The invention relates to a heat exchanger arrangement which is preferably used in an electric drive system, particularly preferably an electric axle drive system (also referred to as an E-axle), of a motor vehicle. More preferably, the electric axle drive system is designed with two independent drive units/as a double E-axle. Each drive unit preferably has an electric drive machine (preferably in the form of an axial flux machine) and a transmission device connected downstream of the drive machine. An output of the transmission device is then rotationally coupled to an output shaft, which output shaft is further connected as directly as possible to a tire-covered wheel of the motor vehicle.

The drive machines of these known drive systems are preferably arranged coaxially and axially next to one another to save space.

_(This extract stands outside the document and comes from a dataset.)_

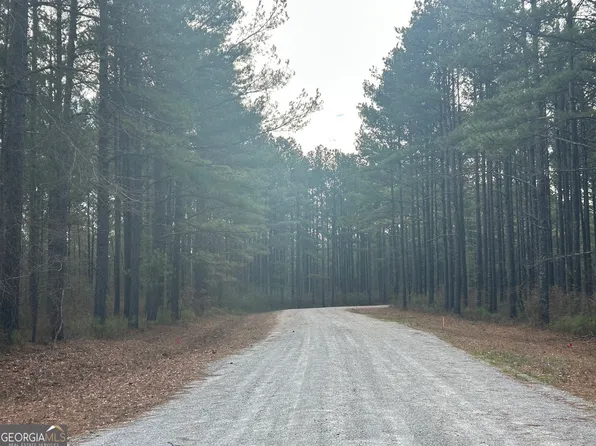 208 Riversong Rd, Carrollton, GA 30117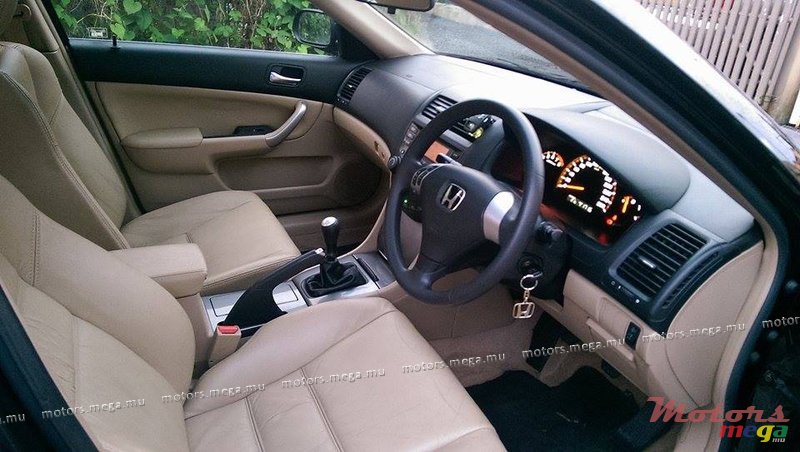 2005' Honda Accord photo #6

However, there is still a fundamental requirement to design these drive systems and their components, which can then be variably arranged in other drive systems, in a more space-saving manner in order to be able to use them as versatilely as possible in existing installation spaces.

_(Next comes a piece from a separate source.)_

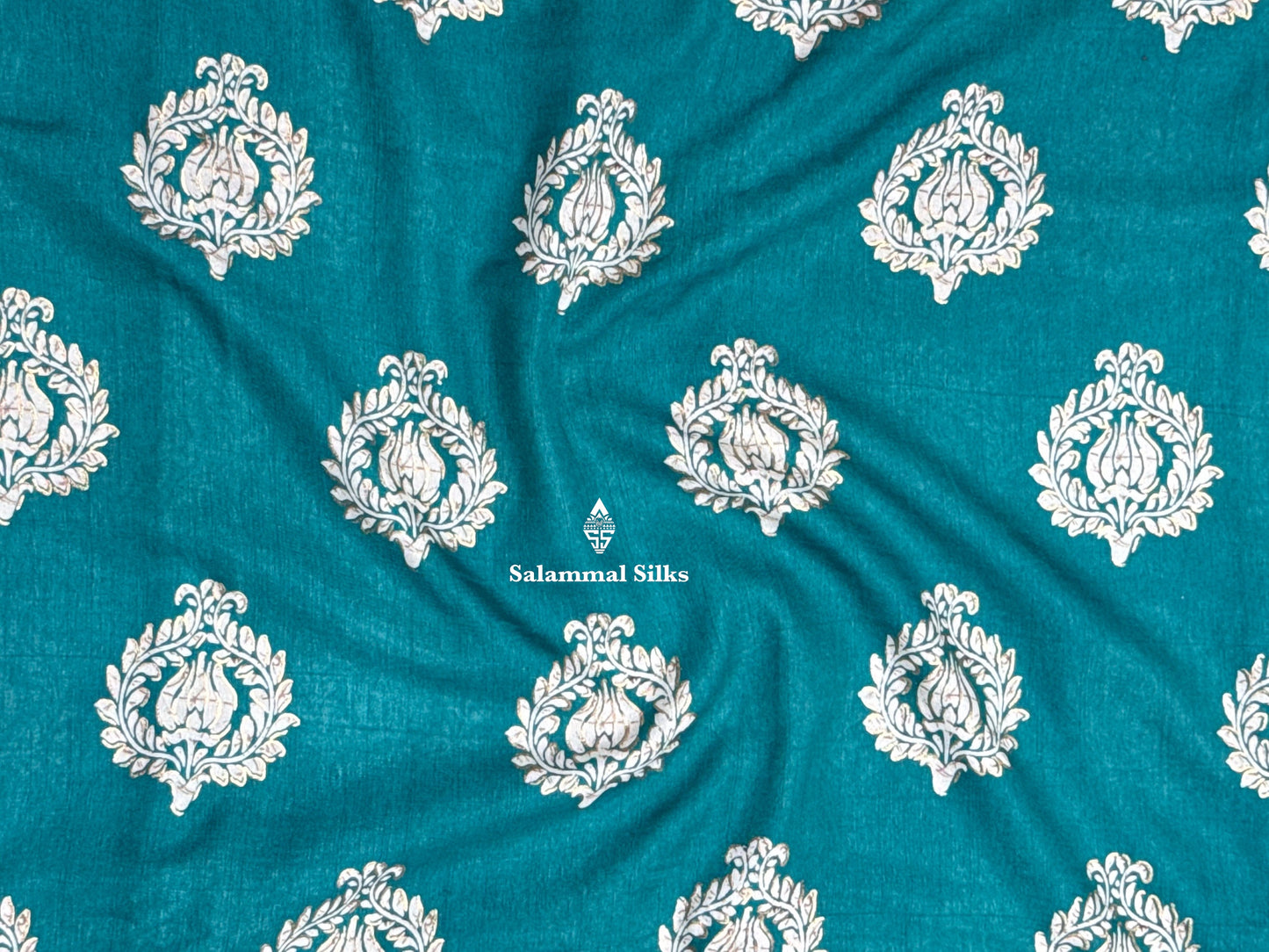 Fancy Saree With Blouse (Multi colours Available)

It is therefore an object of the present invention to provide a heat exchanger arrangement for a drive system which takes up as little space as possible.

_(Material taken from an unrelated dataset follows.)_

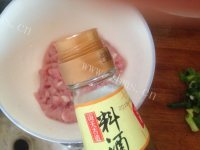 美味营养的酸豆角炒肉末做法图解3)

This is achieved according to the invention by the subject matter of claim 1. Claim 1 claims a heat exchanger arrangement for a (preferably electric) drive system, with two heat exchangers arranged at a distance from one another, each designed for connection to its own oil circuit, and a central cooling circuit connected to both heat exchangers. At least one cooling channel of a heat sink forming the cooling circuit is formed, at least in sections, directly by a recess in a sheet metal plate of the heat sink produced by forming.

Due to this integral design of the at least one cooling channel through a recess in the sheet metal plate, the geometries of this cooling channel can be adjusted as flexibly as possible. A wide variety of flow cross-sectional shapes and variable courses of the cooling channel can be produced. In particular, cooling channels can be designed that take up as little space as possible.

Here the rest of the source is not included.